Are we "Lambs heading to Slaughter"

So what? Why should having “almost equal resources” to the Union make the Confederacy easier to defeat?

Because that’s what it was. Why would having a governmental organization in place make it easier for the Confederacy to be defeated?

If guerrilla forces are absolutely invincible, why shouldn’t the Confederate Army simply have disbanded and headed for the hills? That surely would have guaranteed the Union would eventually be defeated.

Your excuses for why the Confederacy doesn’t qualify make no logical sense.

It doesn’t. What are you talking about?

again, what are you talking about? How is the Civil war even remotely related to what we’re talking about.

how so? you’re talking about a completely different dynamic. In the American Civil War you’re pitting one half of the population against another. this is not the same as pitting the majority of the population against a single government. It presumes those representing the government are immune to it’s abuse and would side against their own people. The Soviet Union could not maintain control of it’s satellite countries when they revolted. It folded in the face of reality. They could easily obliterate those countries but that’s not really the same as control is it?

you’re premise makes no sense. We can’t stop gang activity in this country. What makes you think that would get better if the majority of people refused to cooperate with the government. It would be chaos.

Why did you bring up the Civil War as being a "division down the middle’? What exactly was your point?

You used the Continental Army as an example of “armed citizens in an uprising.” The American Revolution and the Confederacy are very similar cases. If the Confederacy doesn’t represent an armed uprising, then the American Revolution doesn’t represent one either. You keep dodging this, and haven’t produced any logical reason why the Continental Army was invincible while the Confederacy wasn’t. You’re cherry-picking examples you believe to be in your favor, and making up spurious objections to cases that are not.

Other armed uprisings that have failed are many in Latin America: the Guatemalan Civil War, the Contras against the Sandinista government (despite outside assistance), the Tupameros of Uruguay, the Montoneros of Argentina, the Sendero Luminoso in Peru, and on and on.

were the uprisings you mentioned relatively universal among the people?

It’s a simple yes or no question. If the majority of citizens were unhappy with the government of the United States do you think the government could exist as a functional agency?

I think a majority an be made into a minority.

Address my points about the Continental Army and the Confederacy first.

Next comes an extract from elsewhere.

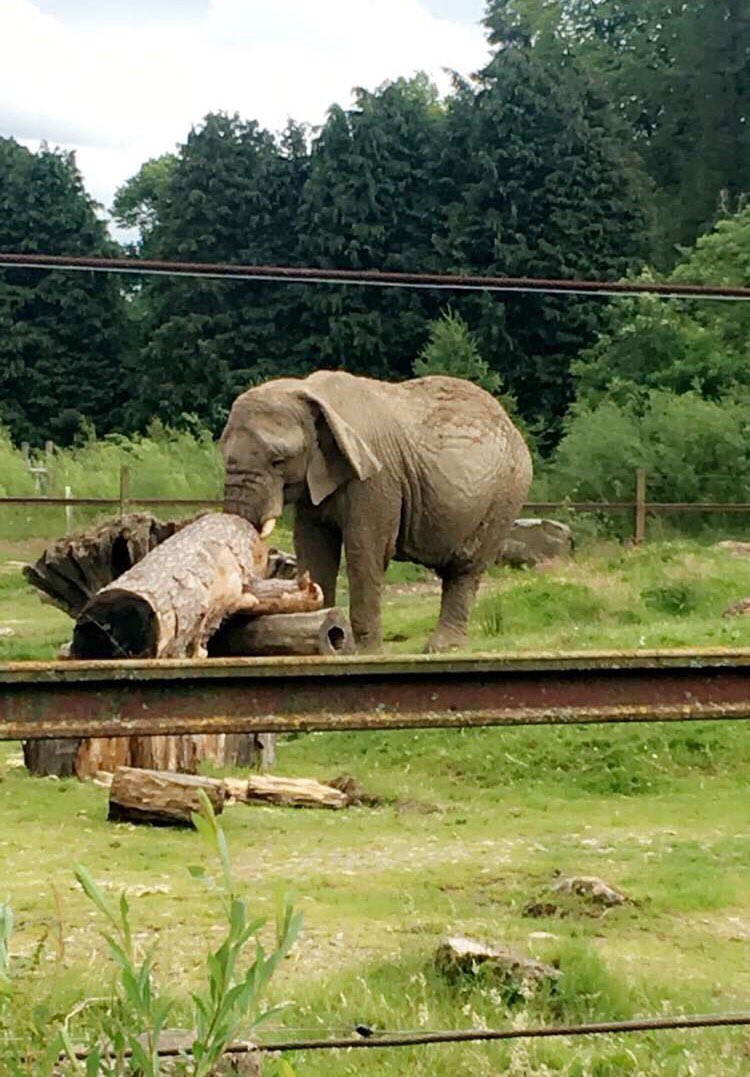 primary_2b's tweet photo. We had such a fabulous school trip 😀🦁🐯🐘🐪🐖 @BlairDrummondSP https://t.co/2BUuOxdBJA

I answered your questions so again, it’s a simple yes or no question. If the majority of citizens were unhappy with the government of the United States do you think the government could exist as a functional agency?

No you didn’t. You clearly can’t address them. Since you persist in dodging them, there’s no point in further discussion with you.

OP, I was going to say something to you, but I see that there have been more posts here after you’ve gone, then when you were still participating. I haven’t read this whole thing -yet-, and I couldn’t even say what it is that’s being discussed now. Give me a few minutes, if I don’t come back, then I’m with you…this thread sucks!!

This thread certainly is coming to suck: there are some very grievous apples-to-oranges comparisons being made, and a pronounced reluctance upon the part of at least one participant to help clarify the confusion.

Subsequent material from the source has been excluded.